**WHAT IS BEING ASKED**
Please copy the entries below word for word, leaving out any image.

───

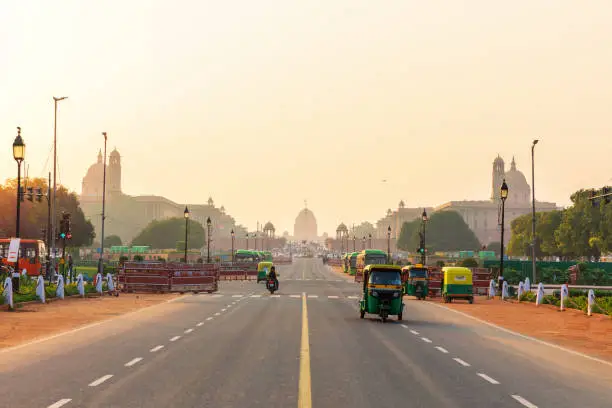 Sunset traffic in New Delhi, tuc tuc cars on the road to the Presidential Residance.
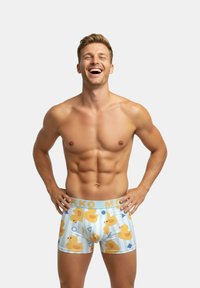 Męskie bokserki wykonane z jasnoniebieskiej tkaniny z powtarzającym się wzorem kaczek i kształtów geometrycznych. Elastyczny pas z logo „MK” w kolorze złotym.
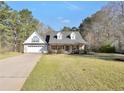 Charming single-story home with brick and siding exterior, well-manicured lawn, and attached garage at 950 Besse Way, Locust Grove, GA 30248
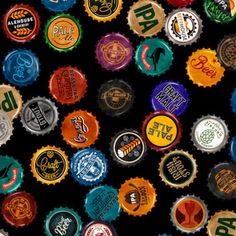 many different types of beer bottle caps are arranged in the shape of letters and numbers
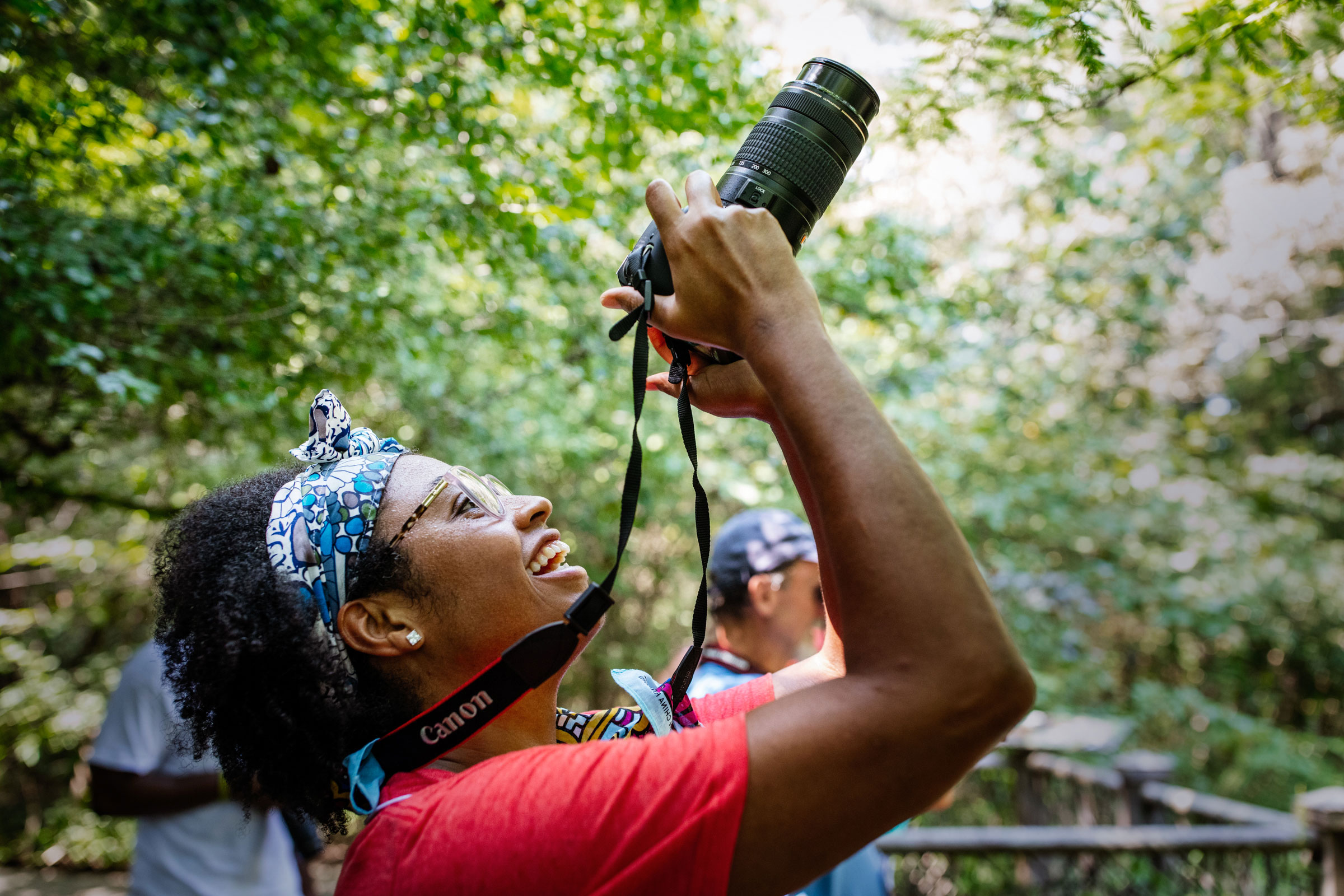 Anna Scott, faculty advisor for the Birds of a Feather Audubon campus chapter at Rust College, tests out a Canon camera during a "Birds in Focus" walk. Mike Fernandez/Audubon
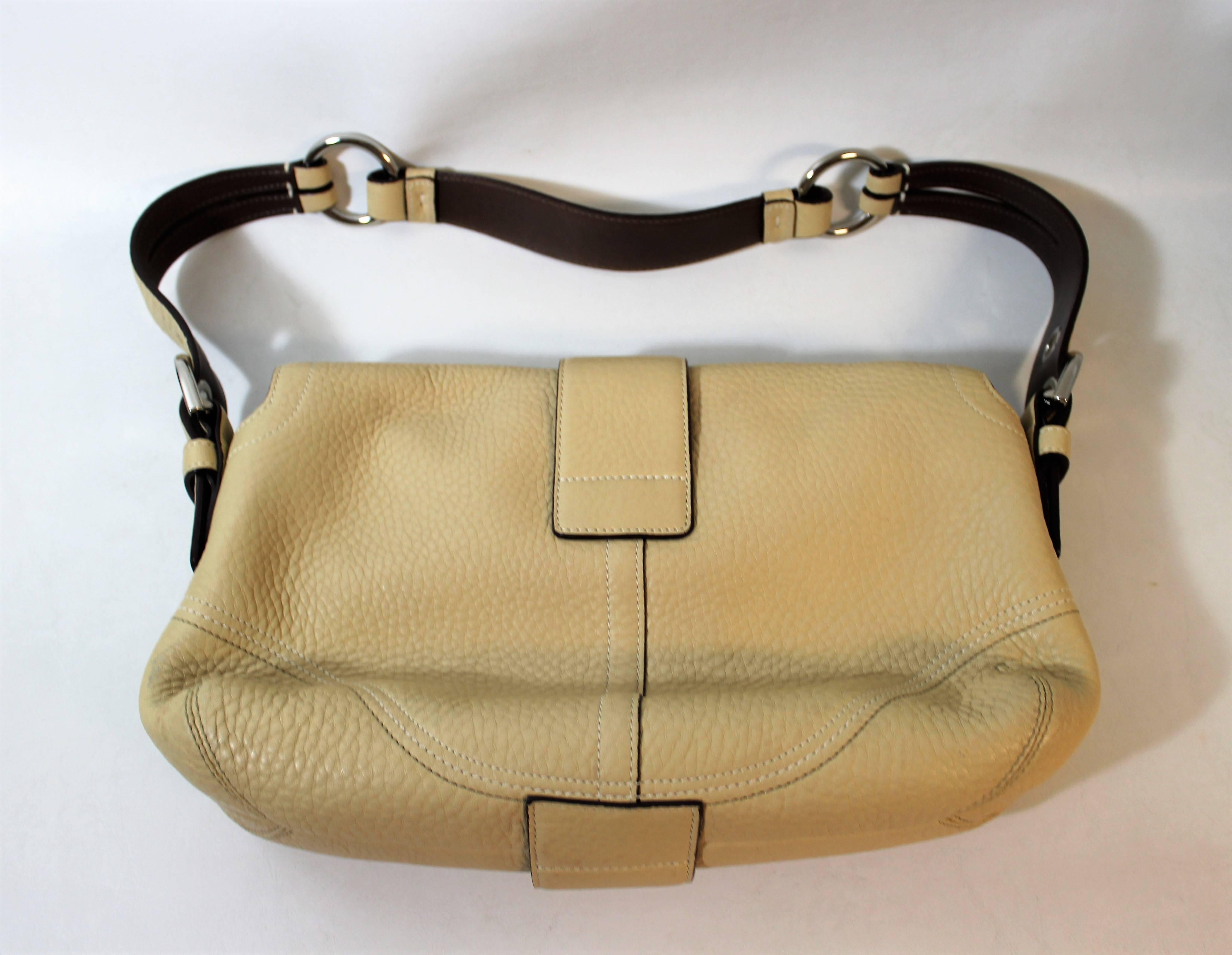 Leather Coach handbag or purse.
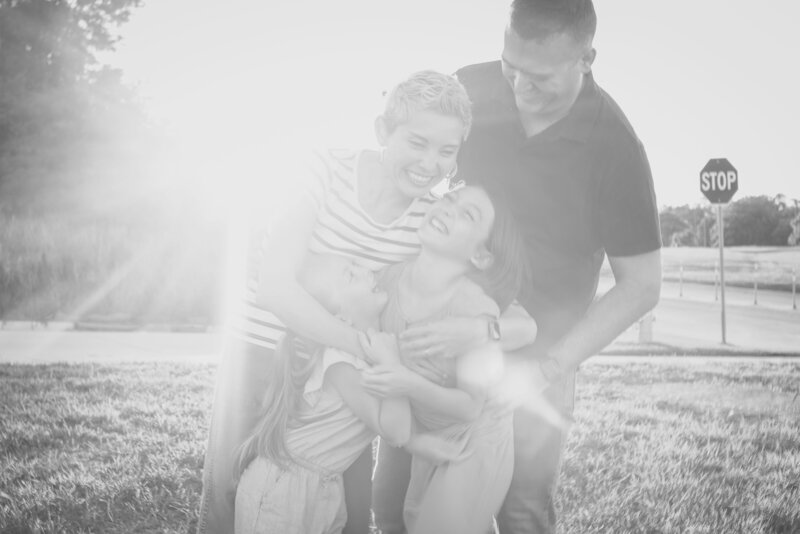 black and white image family embracing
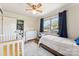 Bright bedroom boasts a crib, twin bed, wood floors, large window and blue curtains at 237 Palaside Ne Dr, Concord, NC 28025
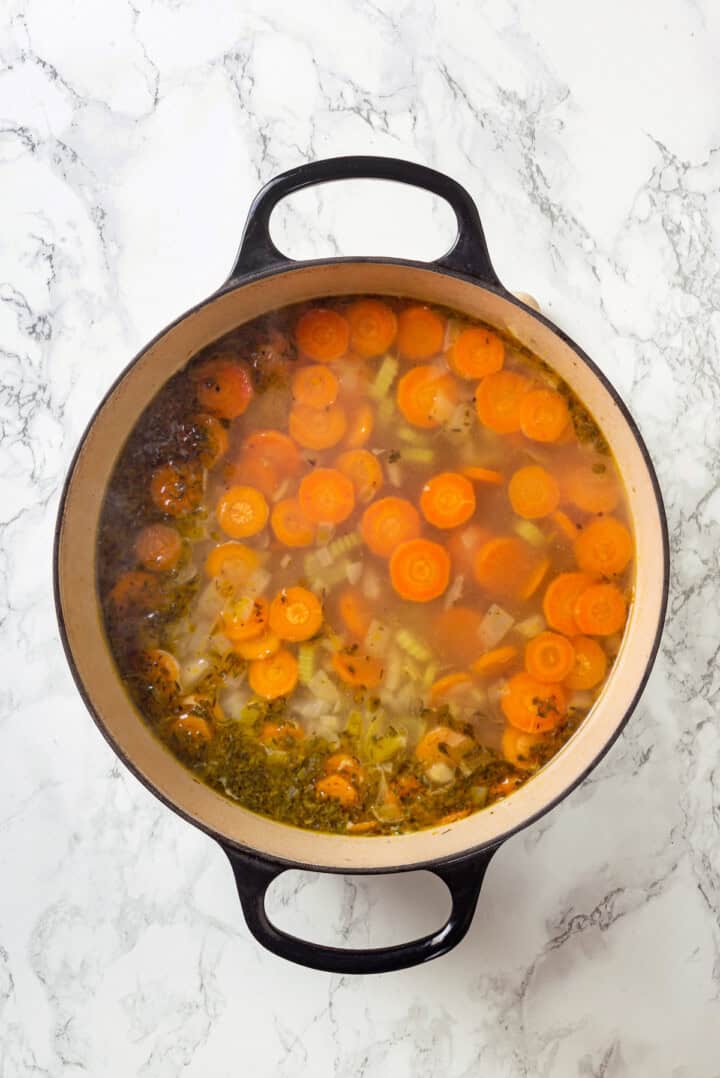 Overhead view of vegan chicken noodle soup before adding pasta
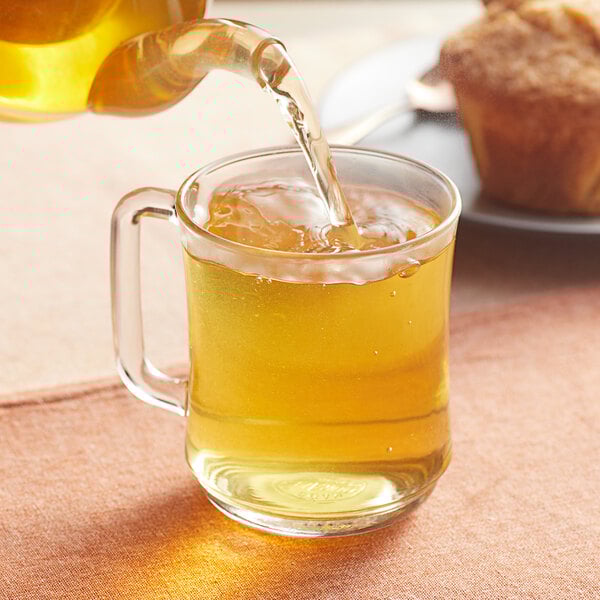 A person pouring Davidson's Organic Lemon Medley Herbal Loose Leaf Tea into a glass cup.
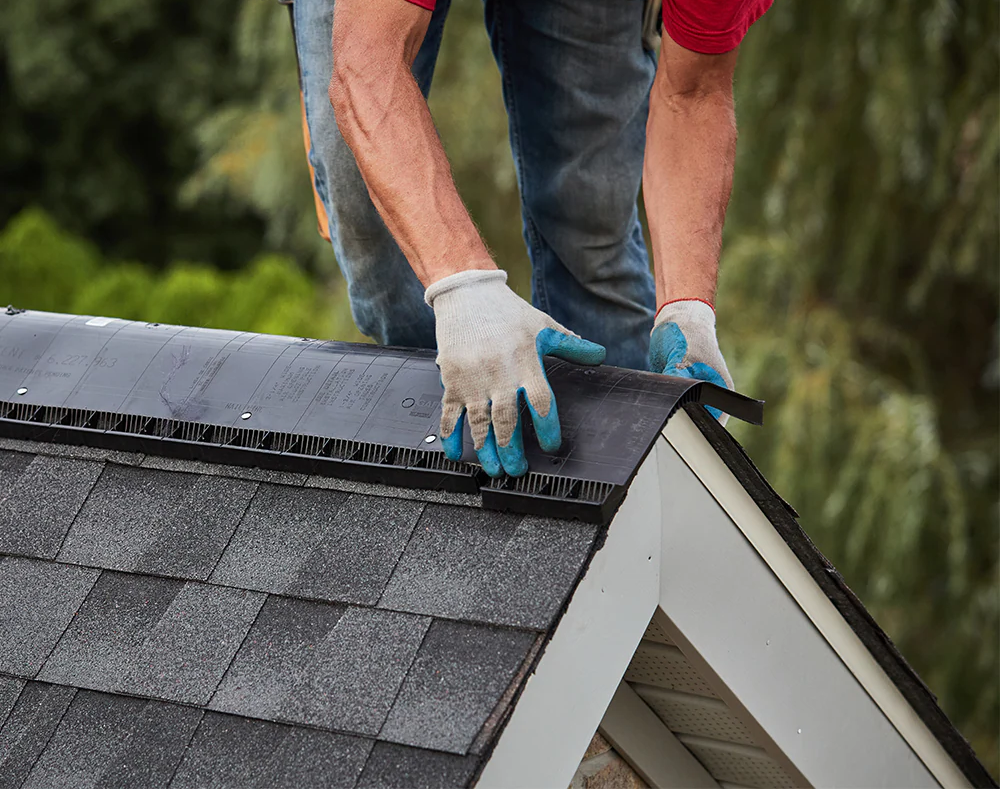 A worker installing or repairing asphalt roofing shingles on a house roof, using a strip of underlayment membrane.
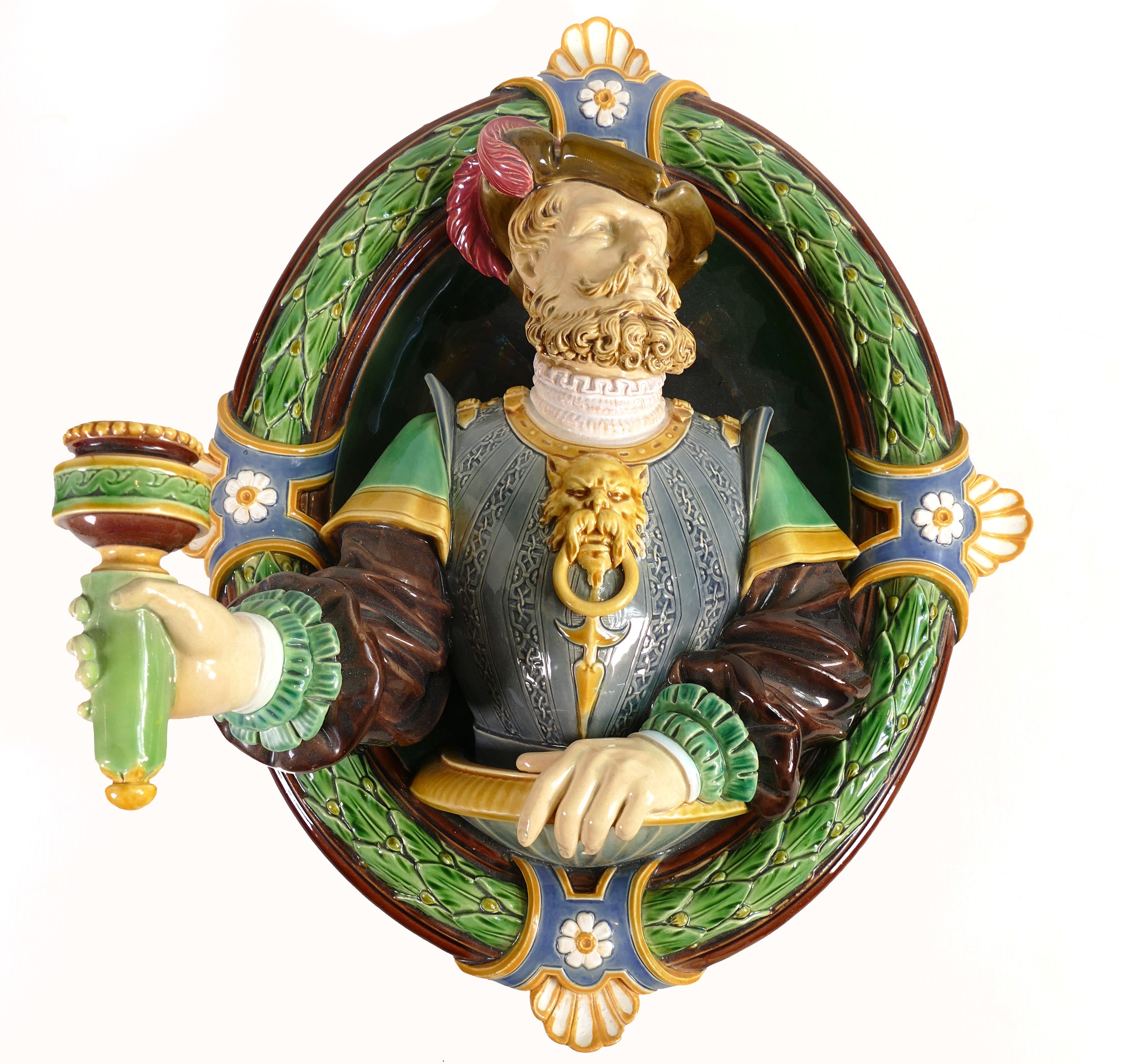 Minton Majolica wall sconce, in the form of a Renaissance man holding a torch, set in oval laurel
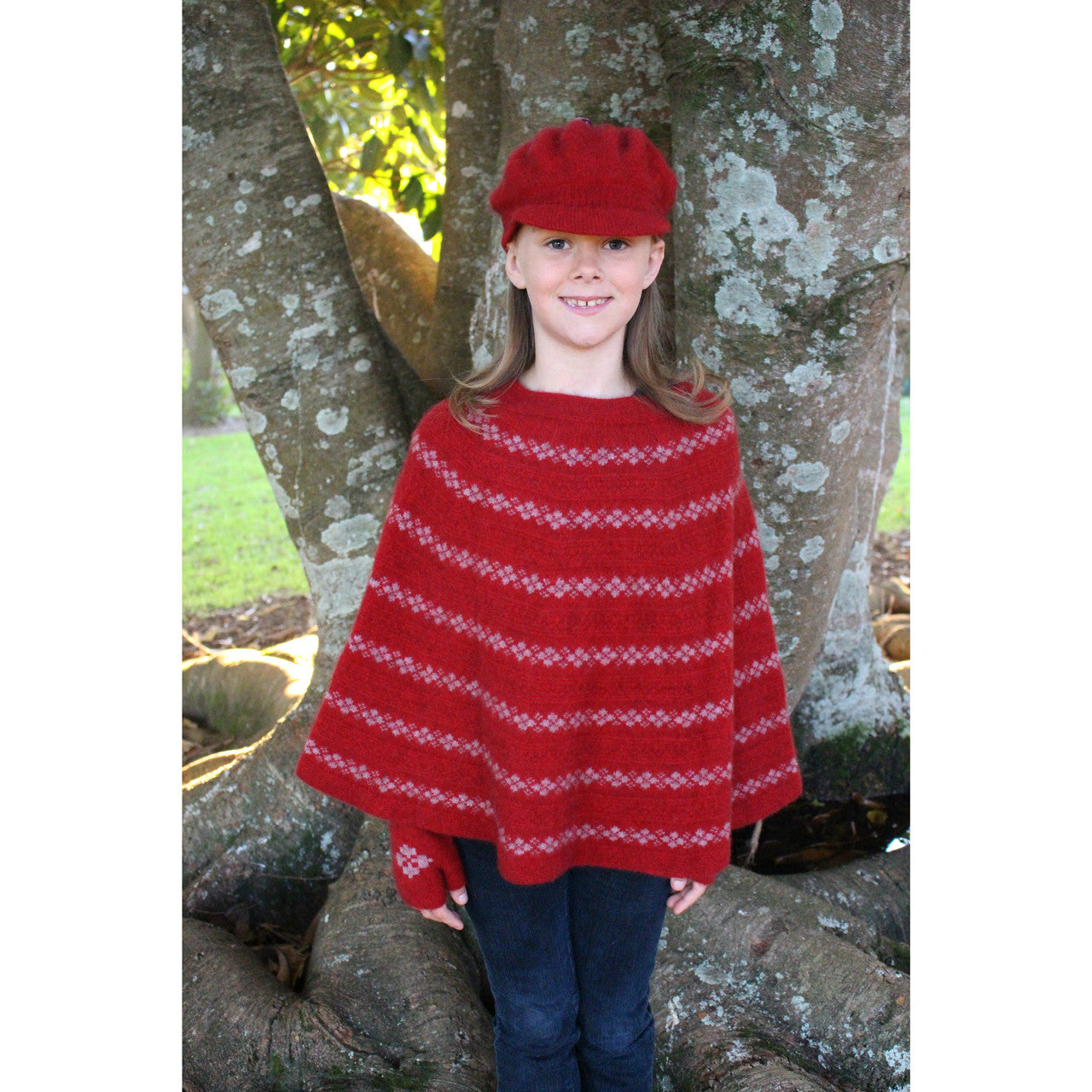 Girl standing wearing Poncho in colour red.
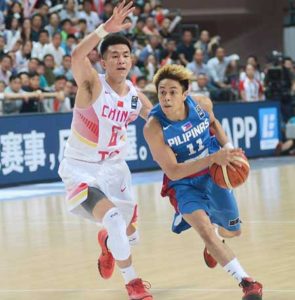 Gilas Pilipinas’ Terrence Romeo drives against a Chinese player. PHOTO FROM GILAS PILIPINAS OFFICIAL FACEBOOK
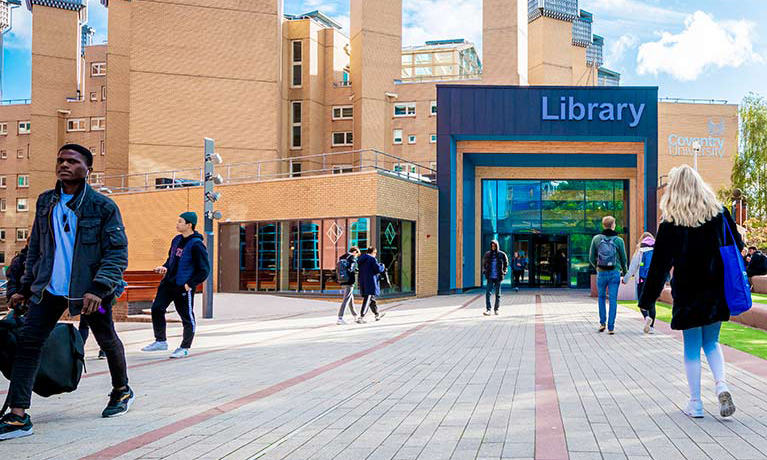 People walking in front of a building which has a big library sign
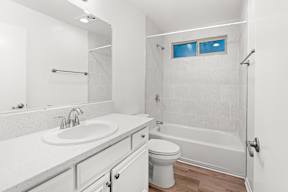 A white bathroom with a toilet, sink, and bathtub.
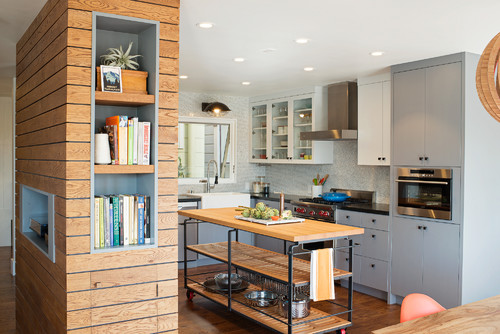 Industrial-style rolling kitchen island with butcher-block work surface and open metal shelves, paired with grey kitchen cabinets—shows a practical countertop choice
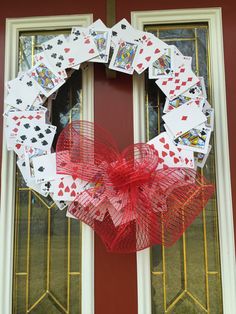 a wreath made out of playing cards on the front door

───

**YOUR RESPONSE**
 Sunset traffic in New Delhi, tuc tuc cars on the road to the Presidential Residance.
 Męskie bokserki wykonane z jasnoniebieskiej tkaniny z powtarzającym się wzorem kaczek i kształtów geometrycznych. Elastyczny pas z logo „MK” w kolorze złotym.
 Charming single-story home with brick and siding exterior, well-manicured lawn, and attached garage at 950 Besse Way, Locust Grove, GA 30248
 many different types of beer bottle caps are arranged in the shape of letters and numbers
 Anna Scott, faculty advisor for the Birds of a Feather Audubon campus chapter at Rust College, tests out a Canon camera during a "Birds in Focus" walk. Mike Fernandez/Audubon
 Leather Coach handbag or purse.
 black and white image family embracing
 Bright bedroom boasts a crib, twin bed, wood floors, large window and blue curtains at 237 Palaside Ne Dr, Concord, NC 28025
 Overhead view of vegan chicken noodle soup before adding pasta
 A person pouring Davidson's Organic Lemon Medley Herbal Loose Leaf Tea into a glass cup.
 A worker installing or repairing asphalt roofing shingles on a house roof, using a strip of underlayment membrane.
 Minton Majolica wall sconce, in the form of a Renaissance man holding a torch, set in oval laurel
 Girl standing wearing Poncho in colour red.
 Gilas Pilipinas’ Terrence Romeo drives against a Chinese player. PHOTO FROM GILAS PILIPINAS OFFICIAL FACEBOOK
 People walking in front of a building which has a big library sign
 A white bathroom with a toilet, sink, and bathtub.
 Industrial-style rolling kitchen island with butcher-block work surface and open metal shelves, paired with grey kitchen cabinets—shows a practical countertop choice
 a wreath made out of playing cards on the front door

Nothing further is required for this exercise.